I grasped the letter in my hand as I fiddled with the keys to open the door. I inhaled deeply and exhaled slowly as I stepped inside and the familiar scent rushed up my nose. I missed being home so much and, in that moment, the realisation hit me that this will probably be the last time I would enter this house for a while.

The house seemed quiet and empty as I walked up the stairs. I found it hard to keep myself and my emotions together because I didn't want to believe that this would be my last time in this house. It hurt so fucking much. It might have seemed stupid for outsiders that I was so emotional over something so material but this place had an immense amount of meaning to me.

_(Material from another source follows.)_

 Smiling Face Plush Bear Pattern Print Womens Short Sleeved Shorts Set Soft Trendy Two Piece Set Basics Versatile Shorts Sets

I wanted to go in the baby room but I wasn't sure if I was ready. I wanted to put it off as long as I could. The last time I was in there, I still had a baby in my stomach. A baby that I loved so much and was unable to take care of. I hated myself so much for being so useless. I mean, if I can't carry a baby in me for nine months, what the fuck am I needed for?

Harry made it clear that it was nothing.

I noticed that my breathing picked up as well as my heart rate when I entered our room. It was the same way I left it which made me realise no one had been in the house since that night.